David Villa comes off strongest in the film. You end up believing he is a hard-working regular guy who puts team and job first. While waiting for MLS to start, he agrees to be a 10-game guest player in the Australian A-League (he ended up only playing 4 winless games). He speaks no English at signing, but the official language of NYCFC is Bad English: any kind of English, any kind of accent. By the end of the film, he is joking in understandable English with teammates.
MLS nerds will be most interested in the insider view of an expansion draft. E.g., Kreis wants Ned Grabavoy, although he cautions that Grabavoy is the kind of player who is going to be injured at least 3 weeks during the season. Although the way Kreis says it, it looks like he’s really thinking 3-6 weeks downtime. It’s fascinating to watch the staff discuss potential players in this manner.
Claudio Reyna comes off as a middle manager yielding player decisions to the corporate dictates of City Football Group. CFG owns 4 football clubs, of which NYCFC is the second after Manchester City FC. CFG owns 80% of NYCFC, and the NY Yankees own 20%. Sheikh Mansour owns most of CFG, having sold 13% to Chinese investors in Dec-2015.
In this documentary, Jason Kreis comes off the worst. His moments on film contradict what I expect from a man who scored 107 MLS goals. His strength is knowing MLS well, but he appears diffident about his coaching system and exhibits little leadership qualities. The film seems to confirm what I’ve read about Kreis, that he was deliberate and analytic at RSL. With his passive self-effacing demeanor, his pre-game is jarringly incongruous when he shouts from the center of a locker room huddle:
“Who’s going to be the f***g dick out there tonight? Who’s going to be the dick?”
So you know someone’s head has to roll, when David Villa says during a tough part of the season:
“11 matches without a win? Never in my career!”
The film follows the full 2015 season but ends with some slides that describe Kreis’ post-season termination and then summarize the team’s 2016 season under Patrick Viera. It makes me wonder if the film was edited to demonstrate why Kreis was fired.

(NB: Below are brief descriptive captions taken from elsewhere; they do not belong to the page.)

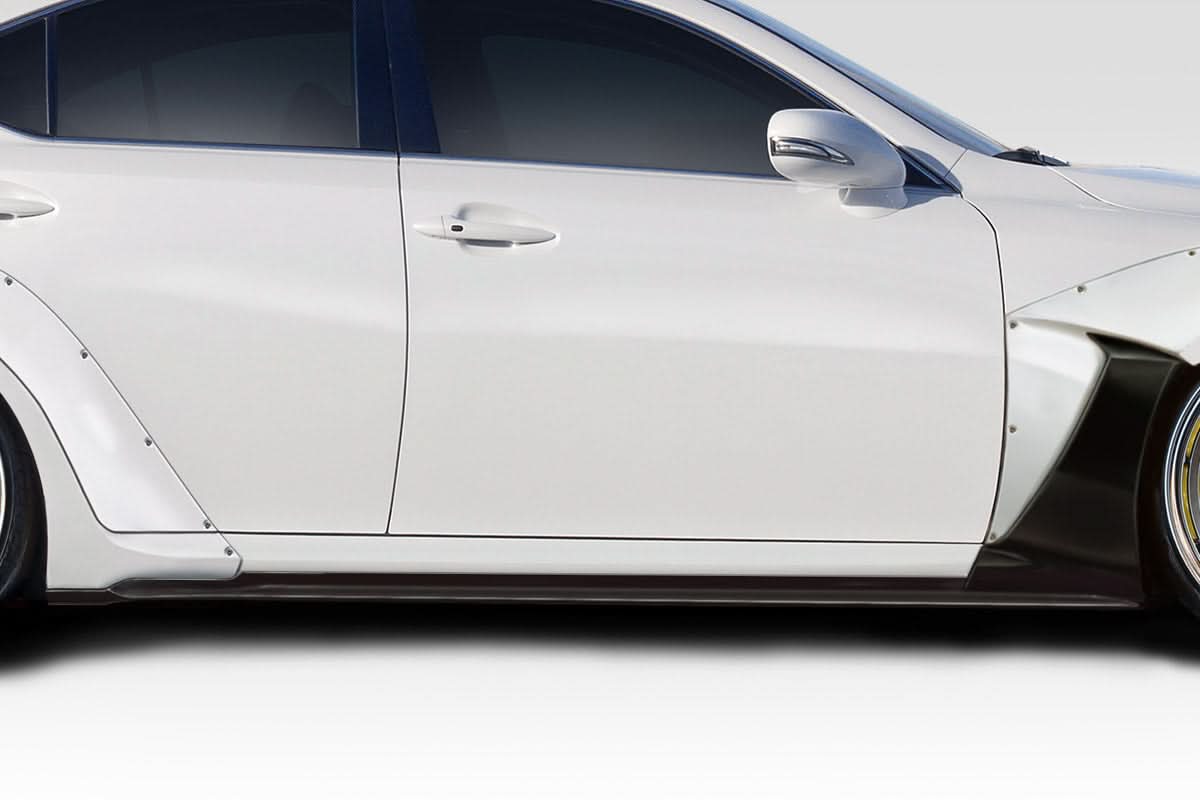 2006-2010 Lexus IS250 IS350 MSR Style Side Skirts - FRP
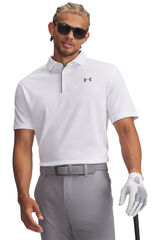 Under Armour Polo deportivo tejido t&eacute;cnico blanco
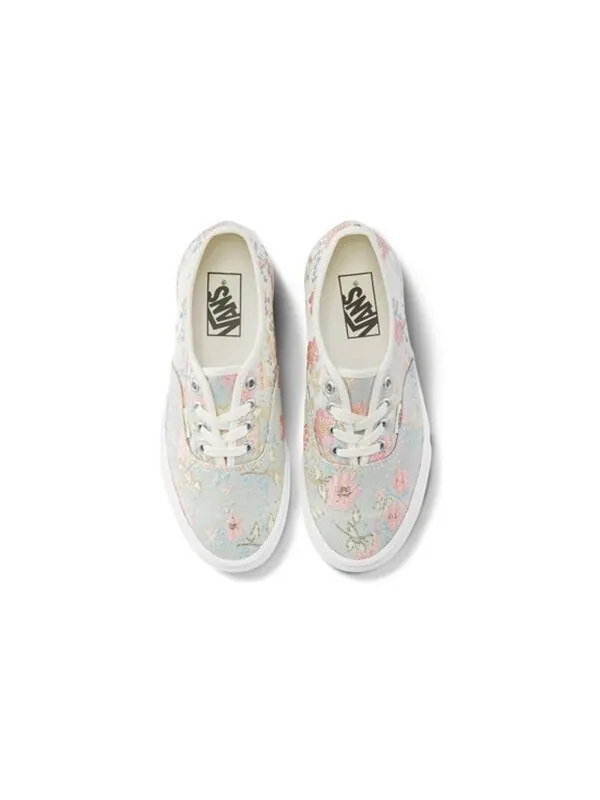 Кроссовки authentic skate shoes 'flower' Vans — изображение 3 из 4, мульти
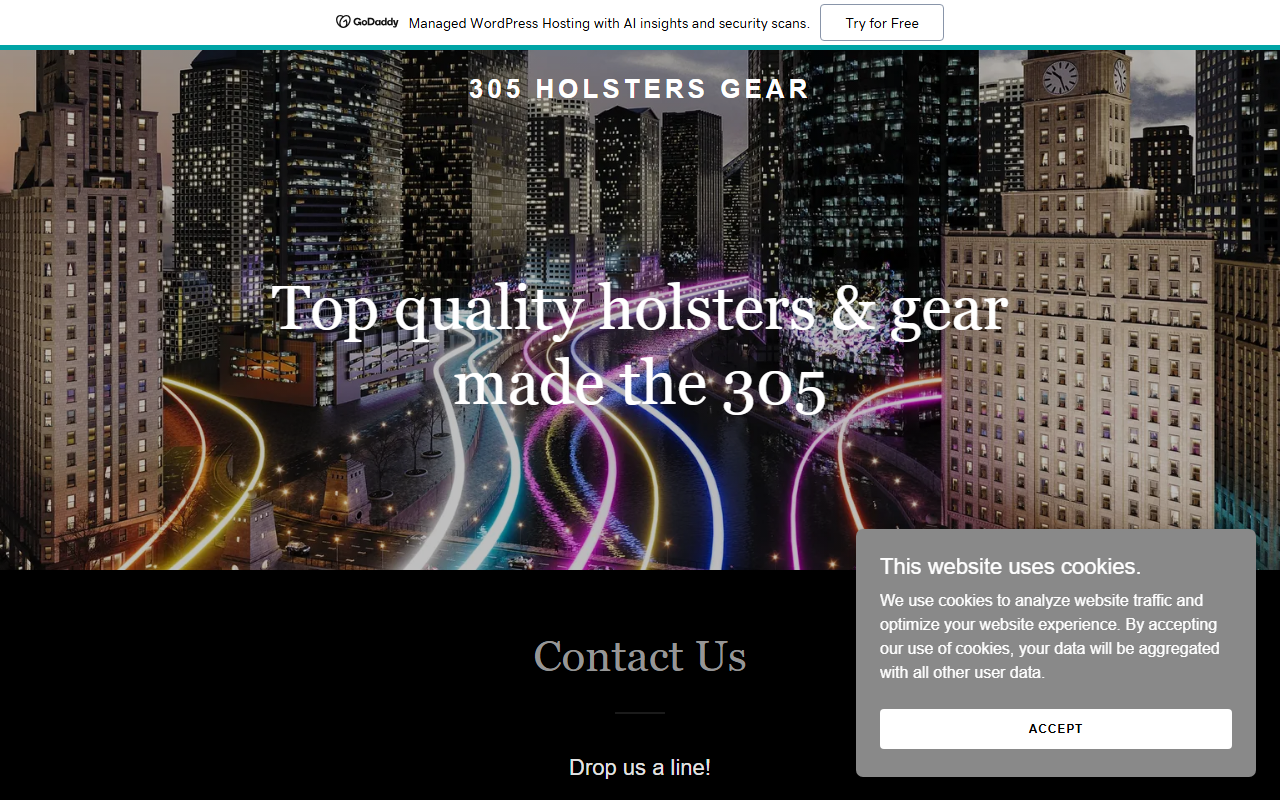 305holstersgear.com screenshot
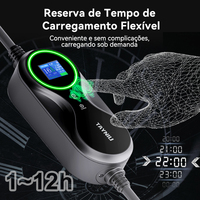 TAYNIU Infinity 7KW 32A Pengisi Daya Mobil Listrik 80V-260V Tipe 2 EV Charger dengan Kabel 5M untuk Semua EV PHEV Pengiriman Dari Brasil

Yes, Lampard’s late arrival to the team, and in an injured state, made Kreis less likely to succeed. But I think his lifelong tendency to obsess about improvement, and believe that success would naturally follow, was antithetical to CFG’s mission. They just want to Win!.
Frank Lampard and Pirlo have little screen time in the film. And I want to know why the team has to stand in an ice bath.

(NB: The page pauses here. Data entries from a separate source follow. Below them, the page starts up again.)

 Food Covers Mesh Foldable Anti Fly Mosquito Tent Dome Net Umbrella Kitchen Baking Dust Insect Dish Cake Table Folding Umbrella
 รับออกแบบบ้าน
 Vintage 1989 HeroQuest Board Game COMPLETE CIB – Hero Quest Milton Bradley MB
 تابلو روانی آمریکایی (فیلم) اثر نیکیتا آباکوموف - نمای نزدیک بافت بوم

If you like this film, Chivas USA: Sí, se puede (2005) follows the first year of that team. The Four Year Plan (2011) about QPR is an excellent fly on the wall documentary. Justin Webster also directed an earlier soccer movie called The Ref (L’arbitro), which I haven’t seen yet.

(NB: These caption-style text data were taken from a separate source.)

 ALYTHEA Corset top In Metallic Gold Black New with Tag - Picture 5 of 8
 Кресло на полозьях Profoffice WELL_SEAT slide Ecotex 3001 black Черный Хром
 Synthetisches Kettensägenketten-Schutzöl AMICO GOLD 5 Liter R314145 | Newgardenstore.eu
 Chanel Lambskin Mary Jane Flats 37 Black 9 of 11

Note on Dec-30-2017 Update: Human Rights researcher Nicholas McGeehan wrote an article for Medium which revealed the true nature of the City Group ownership. He contends that the real owner is Sheikh Mansour’s brother: Abu Dhabi’s Crown Prince, Sheikh Mohamed bin Zayed Al Nahyan. CFG ownership allows the Prince to put a progressive face on a government that has problems with women, homosexuality, Israel, and abuse by the wealthy.
CFG “enables Abu Dhabi to gain footholds in centres of power and influence, and provide a platform for the pursuit of further business opportunities which themselves consolidate and strengthen Abu Dhabi’s political influence.”